In late 1476, despite earlier defeats at Grandson and Murten, Duke Charles the Bold of Burgundy moved to besiege the city of Nancy which had been taken by Duke Rene II of Lorraine earlier in the year. Fighting severe winter weather, the Burgundian army encircled the city and Charles hoped to win a swift victory as he knew Rene to be gathering a relief force. Despite the siege conditions, the garrison at Nancy remained active and sortied against the Burgundians. In one foray, they succeeded in capturing 900 of Charles's men.
Outside the city walls, Charles's situation was made more complicated by the fact that his army was not linguistically unified as it possessed Italian mercenaries, English archers, Dutchmen, Savoyards, as well as his Burgundian troops. Acting with financial support from Louis XI of France, Rene succeeded in assembling 10 to 12,000 men from Lorraine and the Lower Union of the Rhine. To this force, he added 10,000 Swiss mercenaries. Moving deliberately, Rene began his advance on Nancy in early January. Marching through the winter snows, they arrived south of the city on the morning of Jan. 5, 1477.
The Battle of Nancy
Moving swiftly, Charles began deploying his smaller army to meet the threat. Making use of the terrain, he positioned his army across a valley with a small stream to its front. While his left was anchored on the River Meurthe, his right rested on an area of thick woods. Arranging his troops, Charles positioned his infantry and thirty field guns in the center with his cavalry on the flanks. Assessing the Burgundian position, Rene and his Swiss commanders decided against a frontal assault believing that it could not succeed.

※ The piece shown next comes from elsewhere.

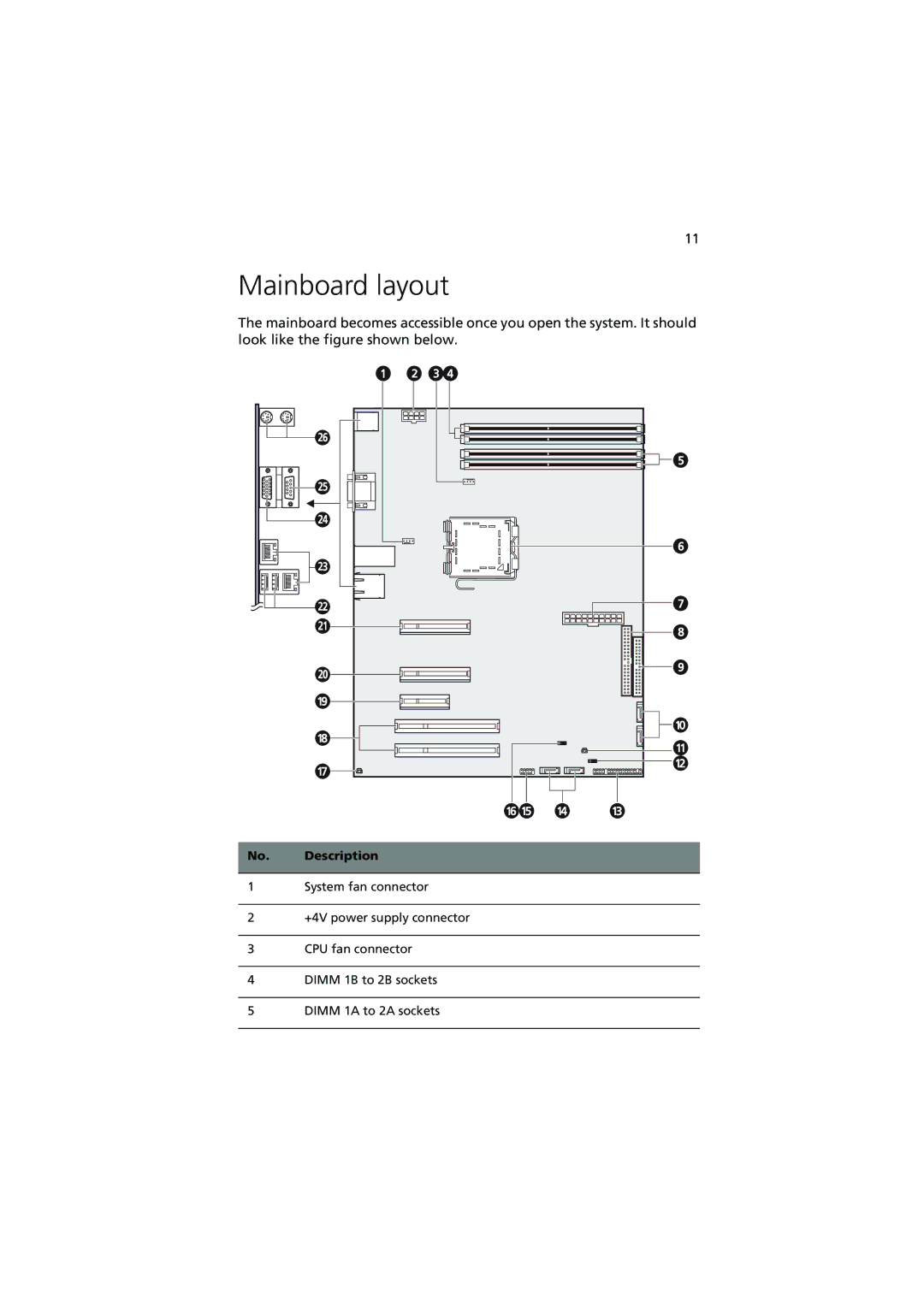 Acer G320 Series manual Mainboard layout, No. Description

Instead, the decision was made to have the largely Swiss vanguard (Vorhut) move forward to attack Charles's left, while the center (Gewalthut) swung to the left through the forest to attack the enemy right. After a march that lasted around two hours, the center was in position slightly behind Charles's right. From this location, the Swiss alpenhorns sounded three times and Rene's men charged down through the woods. As they slammed into Charles's right, his cavalry succeeded in driving off their Swiss opposites, but his infantry was soon overwhelmed by superior numbers.
As Charles desperately began shifting forces to realign and reinforce his right, his left was driven back by Rene's vanguard. With his army collapsing, Charles and his staff frantically worked to rally their men but with no success. With the Burgundian army in mass retreat toward Nancy, Charles was swept along until his party was surrounded by a group of Swiss troops. Attempting to fight their way out, Charles was struck in the head by a Swiss halberdier and killed. Falling from his horse, his body was found three days later. With the Burgundians fleeing, Rene advanced to Nancy and lifted the siege.

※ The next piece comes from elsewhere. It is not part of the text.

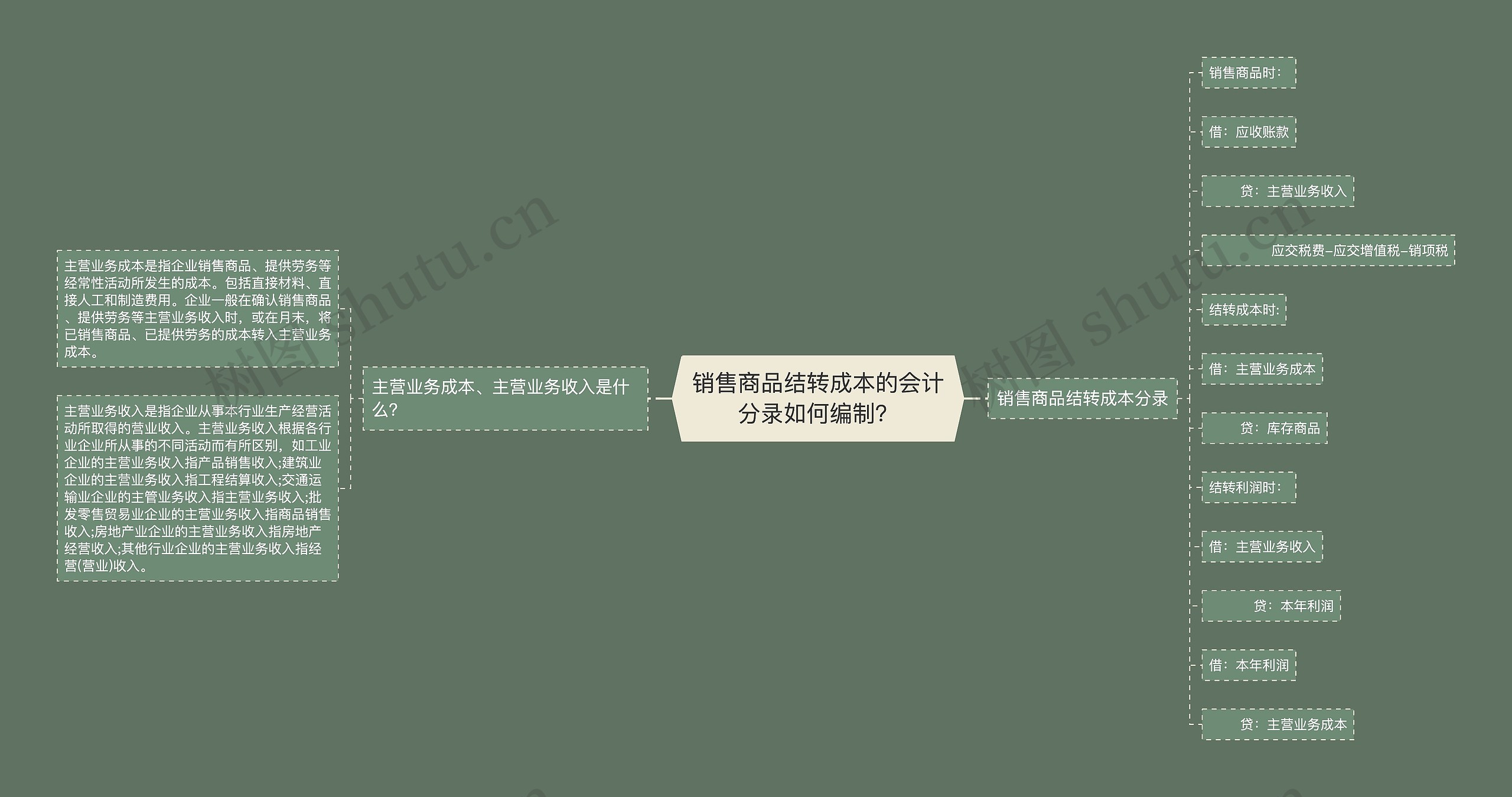 销售商品结转成本的会计分录如何编制?思维导图高清图 销售商品结转成本的会计分录如何编制?思维导图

While the casualties for the Battle of Nancy are not known, with Charles's death the Burgundian Wars effectively came to an end. Charles's Flemish lands were transferred to the Hapsburgs when Archduke Maximilian of Austria married Mary of Burgundy. The Duchy of Burgundy reverted to French control under Louis XI. The performance of the Swiss mercenaries during the campaign further bolstered their reputation as superb soldiers and led to their increased use across Europe.